**Try it**: Lines from the one with "this 650×366 image." through the end of the listing below are to be retyped exactly.

**Records for the exercise**:
BEGIN

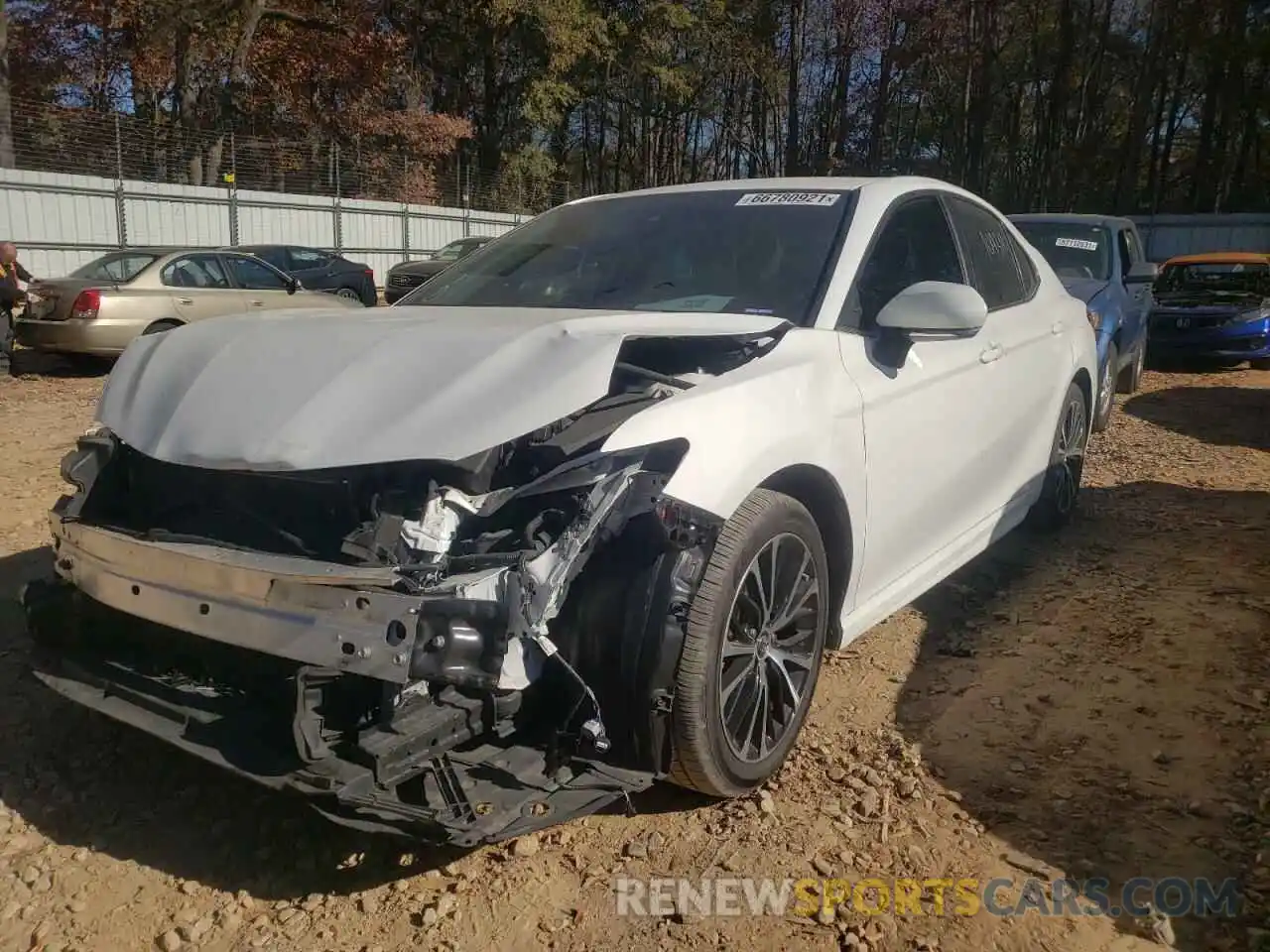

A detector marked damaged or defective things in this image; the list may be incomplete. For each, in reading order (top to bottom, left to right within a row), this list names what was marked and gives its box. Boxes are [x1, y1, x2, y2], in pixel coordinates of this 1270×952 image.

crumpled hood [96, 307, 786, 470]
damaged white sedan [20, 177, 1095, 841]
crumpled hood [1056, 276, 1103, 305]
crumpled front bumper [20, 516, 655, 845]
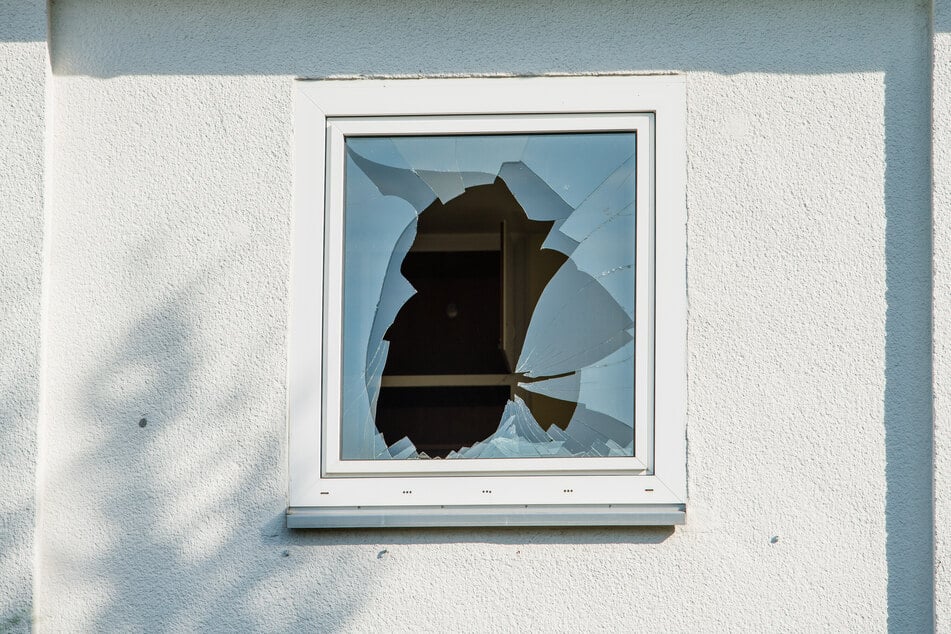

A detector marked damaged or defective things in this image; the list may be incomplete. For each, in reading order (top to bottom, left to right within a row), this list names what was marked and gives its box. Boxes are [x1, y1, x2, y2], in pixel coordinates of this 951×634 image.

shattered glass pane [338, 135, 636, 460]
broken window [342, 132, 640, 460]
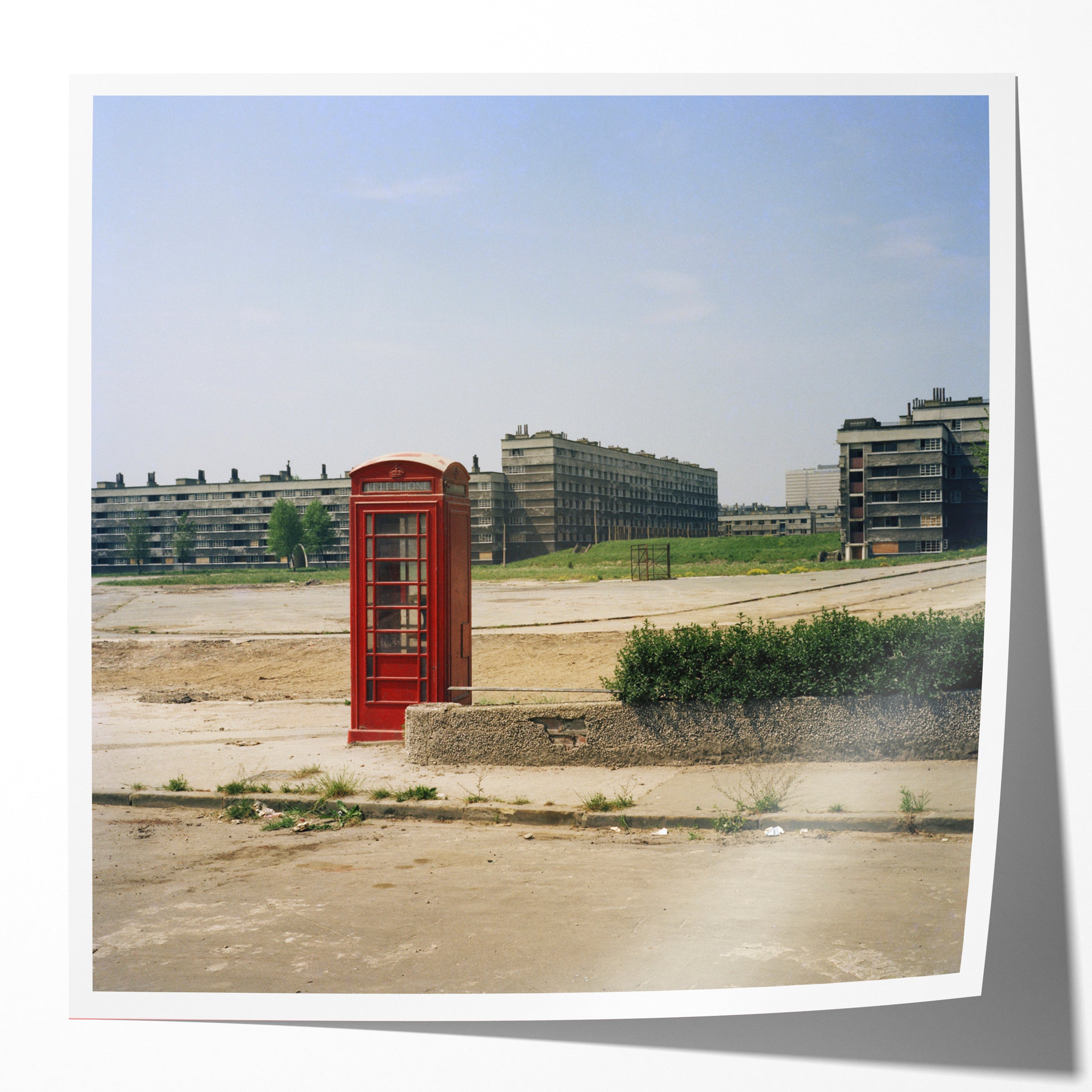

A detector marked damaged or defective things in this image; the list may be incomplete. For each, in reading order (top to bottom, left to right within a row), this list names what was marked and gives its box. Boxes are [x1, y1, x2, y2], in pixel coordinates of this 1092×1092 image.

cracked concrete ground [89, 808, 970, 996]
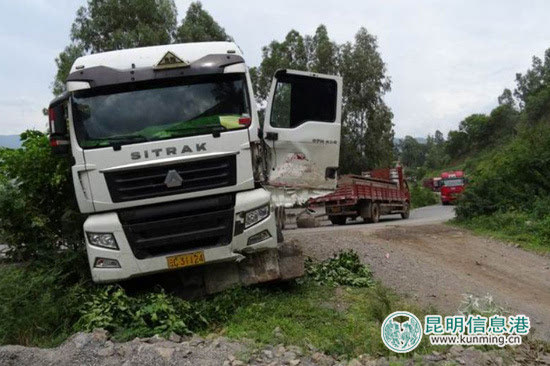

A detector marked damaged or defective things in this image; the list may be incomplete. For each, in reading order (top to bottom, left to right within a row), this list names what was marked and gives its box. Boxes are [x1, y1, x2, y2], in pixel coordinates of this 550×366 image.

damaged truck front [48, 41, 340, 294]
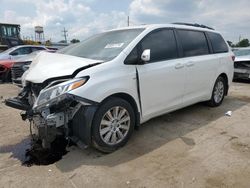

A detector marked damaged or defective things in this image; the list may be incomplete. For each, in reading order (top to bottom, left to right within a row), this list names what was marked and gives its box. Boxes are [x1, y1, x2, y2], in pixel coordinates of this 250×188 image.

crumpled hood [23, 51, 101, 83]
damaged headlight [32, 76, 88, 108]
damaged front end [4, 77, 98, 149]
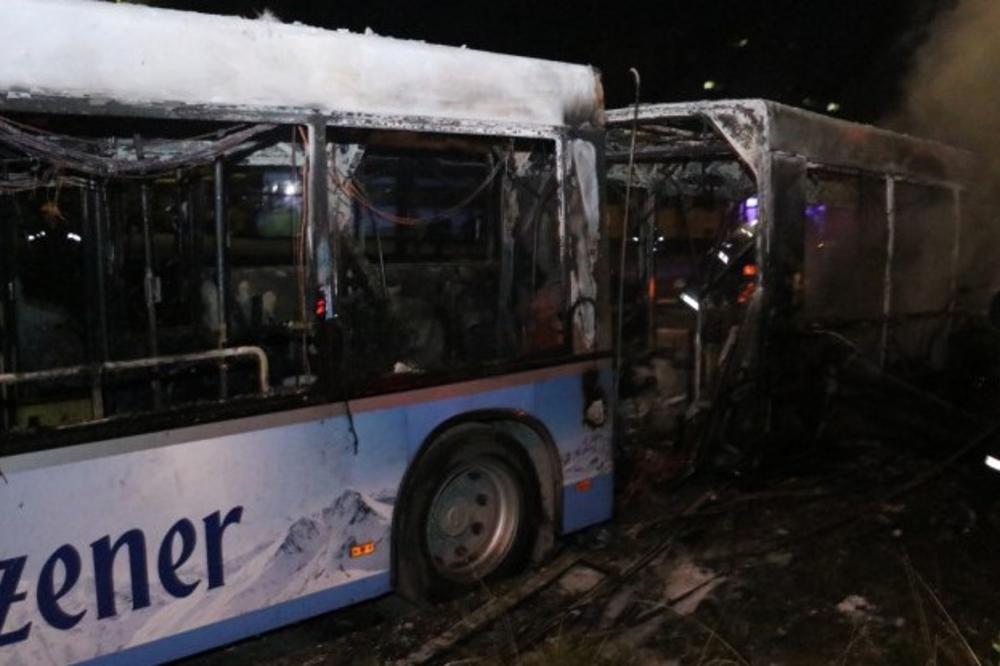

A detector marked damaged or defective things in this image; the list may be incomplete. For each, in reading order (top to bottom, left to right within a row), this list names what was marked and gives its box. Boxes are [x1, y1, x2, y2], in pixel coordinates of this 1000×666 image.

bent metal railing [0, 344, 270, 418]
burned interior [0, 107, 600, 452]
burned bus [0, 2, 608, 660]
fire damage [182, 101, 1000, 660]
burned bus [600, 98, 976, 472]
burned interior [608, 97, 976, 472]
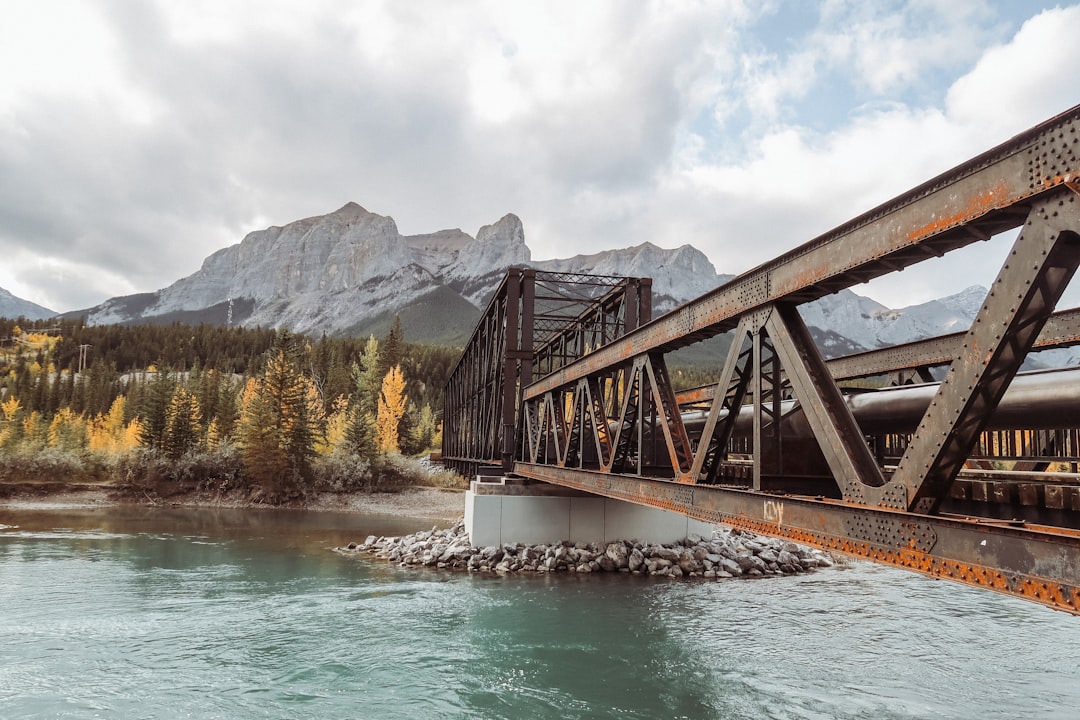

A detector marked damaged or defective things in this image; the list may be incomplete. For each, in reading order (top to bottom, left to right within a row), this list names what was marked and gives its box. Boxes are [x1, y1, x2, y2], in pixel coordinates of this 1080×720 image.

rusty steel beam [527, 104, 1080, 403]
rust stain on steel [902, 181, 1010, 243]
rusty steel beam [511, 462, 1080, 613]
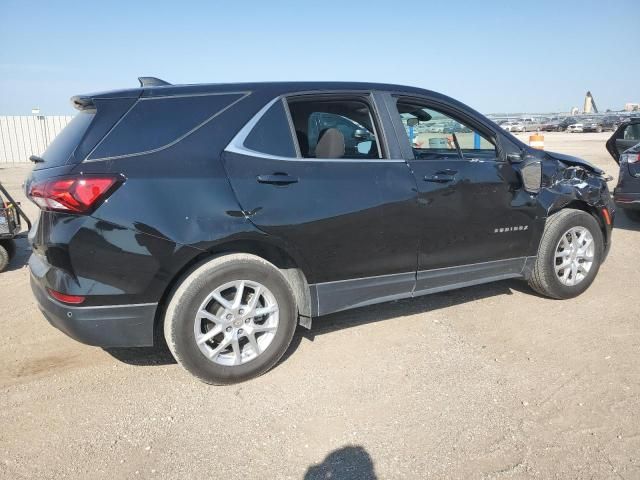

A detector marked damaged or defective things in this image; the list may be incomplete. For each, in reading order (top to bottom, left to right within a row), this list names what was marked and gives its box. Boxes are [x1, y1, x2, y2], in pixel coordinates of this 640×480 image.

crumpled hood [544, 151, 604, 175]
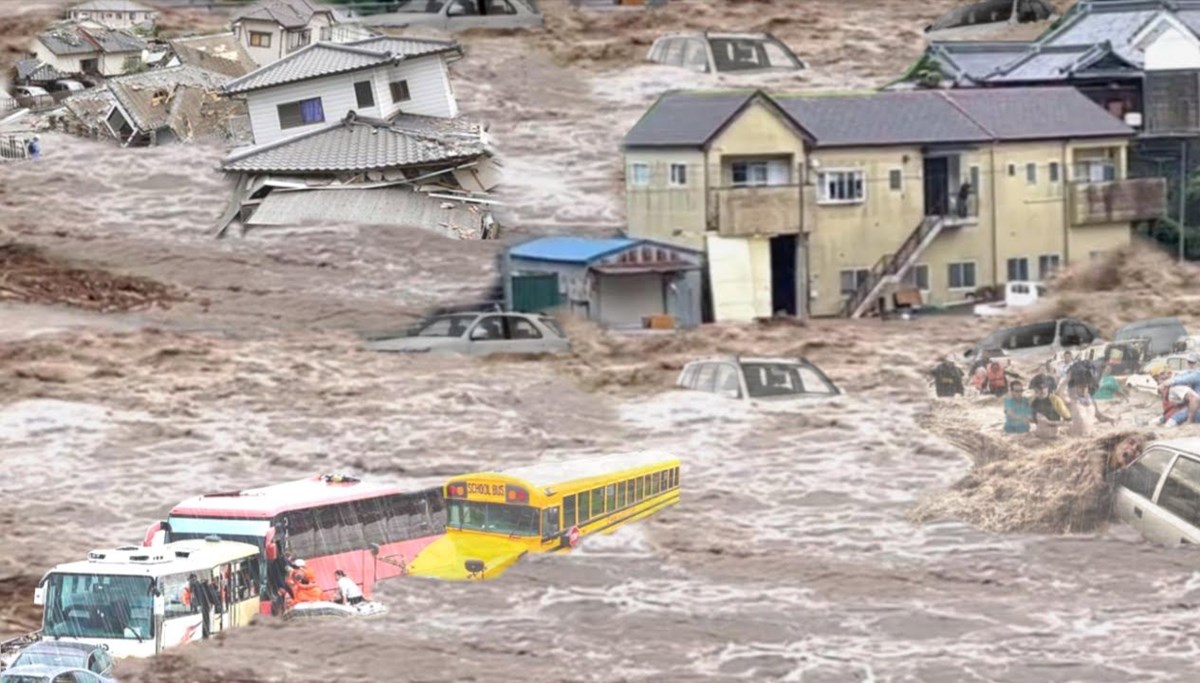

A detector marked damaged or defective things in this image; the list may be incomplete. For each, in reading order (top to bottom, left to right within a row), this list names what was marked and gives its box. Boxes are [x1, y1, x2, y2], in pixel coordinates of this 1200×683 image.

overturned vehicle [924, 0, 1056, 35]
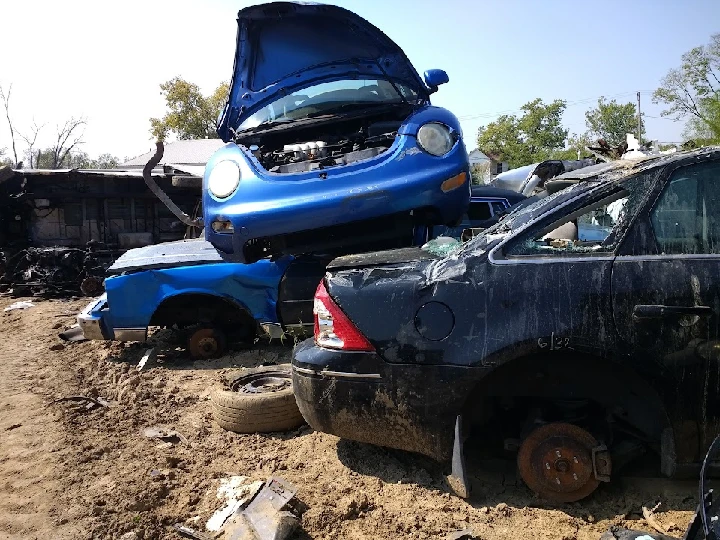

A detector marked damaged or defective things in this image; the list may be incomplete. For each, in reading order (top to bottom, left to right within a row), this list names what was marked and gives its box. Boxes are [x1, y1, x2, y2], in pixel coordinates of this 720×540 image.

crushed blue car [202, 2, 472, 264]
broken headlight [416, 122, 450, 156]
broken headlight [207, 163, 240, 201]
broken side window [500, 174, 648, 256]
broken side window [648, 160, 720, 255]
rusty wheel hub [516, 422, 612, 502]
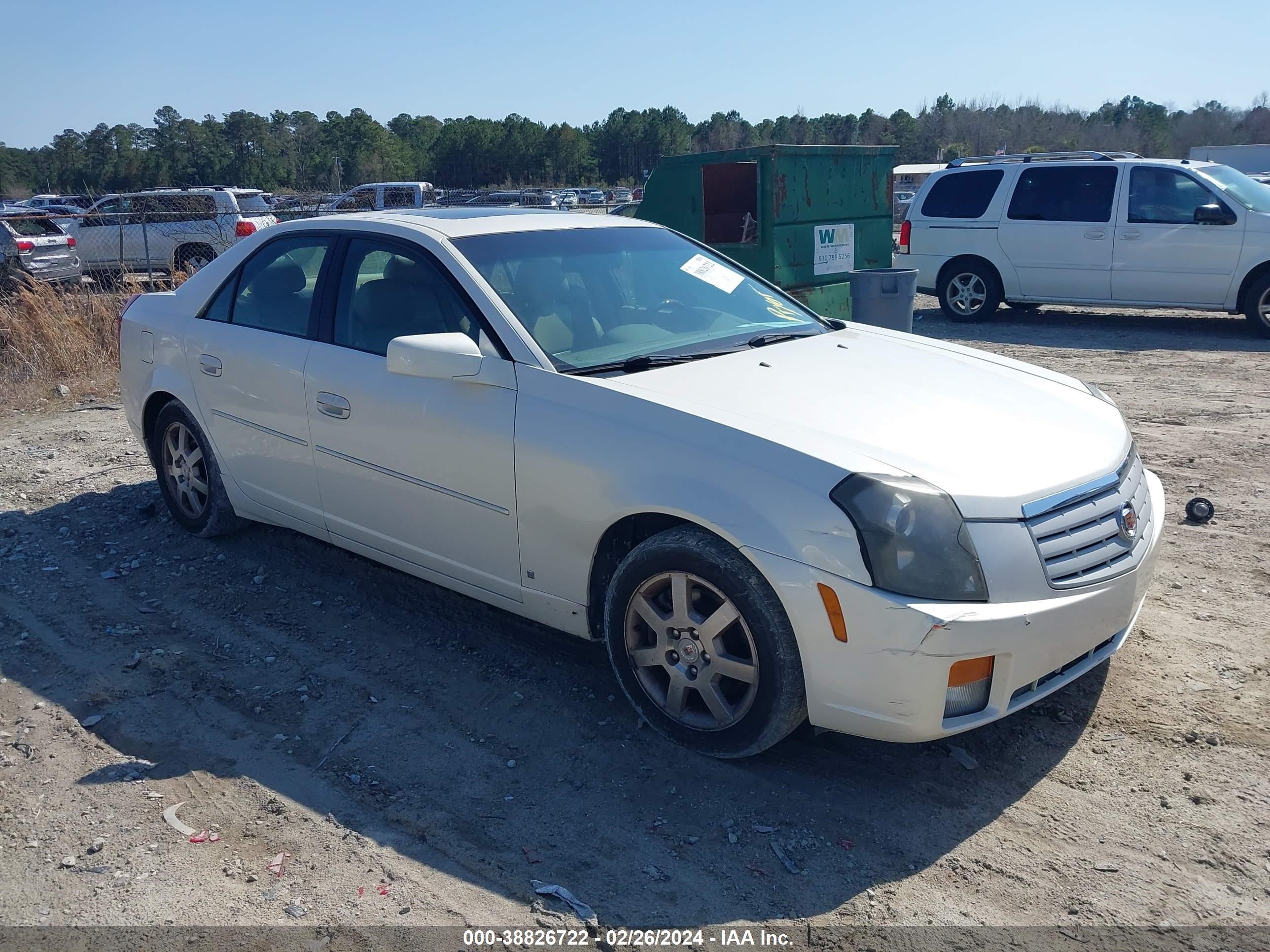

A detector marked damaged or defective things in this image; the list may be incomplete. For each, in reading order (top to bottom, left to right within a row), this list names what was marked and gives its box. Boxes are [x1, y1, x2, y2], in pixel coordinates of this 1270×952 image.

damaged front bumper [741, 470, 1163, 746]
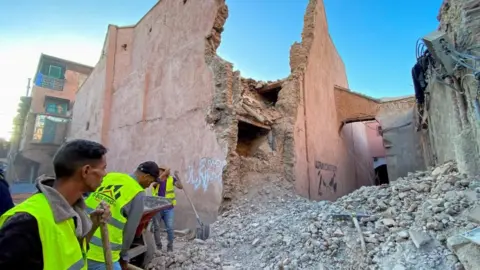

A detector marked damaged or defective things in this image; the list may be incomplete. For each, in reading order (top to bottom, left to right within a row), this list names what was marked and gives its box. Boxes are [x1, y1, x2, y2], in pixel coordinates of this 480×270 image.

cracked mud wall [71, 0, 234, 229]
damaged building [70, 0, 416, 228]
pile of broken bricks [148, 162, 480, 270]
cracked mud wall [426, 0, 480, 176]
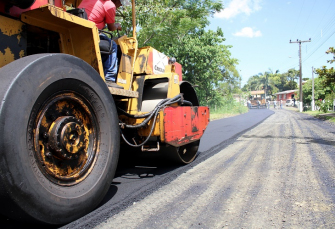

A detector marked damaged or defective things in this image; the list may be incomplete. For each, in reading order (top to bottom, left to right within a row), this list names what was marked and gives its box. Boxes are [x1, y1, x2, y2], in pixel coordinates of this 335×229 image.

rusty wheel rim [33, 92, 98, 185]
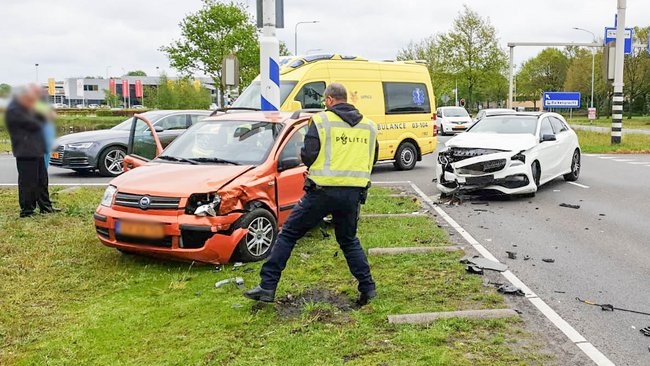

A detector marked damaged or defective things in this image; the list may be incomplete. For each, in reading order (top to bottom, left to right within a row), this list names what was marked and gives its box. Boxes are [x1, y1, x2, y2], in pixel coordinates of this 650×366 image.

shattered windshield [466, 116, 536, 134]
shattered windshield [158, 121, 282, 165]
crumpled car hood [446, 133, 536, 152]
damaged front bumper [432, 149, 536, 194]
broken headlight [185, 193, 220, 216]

END

**Output for this exercise**:
A detector marked damaged or defective things in this image; the list may be incomplete. For each, in reading order (top to bottom, left to right within a row), this list names what was marked and gives its box. Boxes are [x1, y1, x2, y2], in pixel coordinates of this 650×366 image.

shattered windshield [466, 116, 536, 134]
shattered windshield [158, 121, 282, 165]
crumpled car hood [446, 133, 536, 152]
damaged front bumper [432, 149, 536, 194]
broken headlight [185, 193, 220, 216]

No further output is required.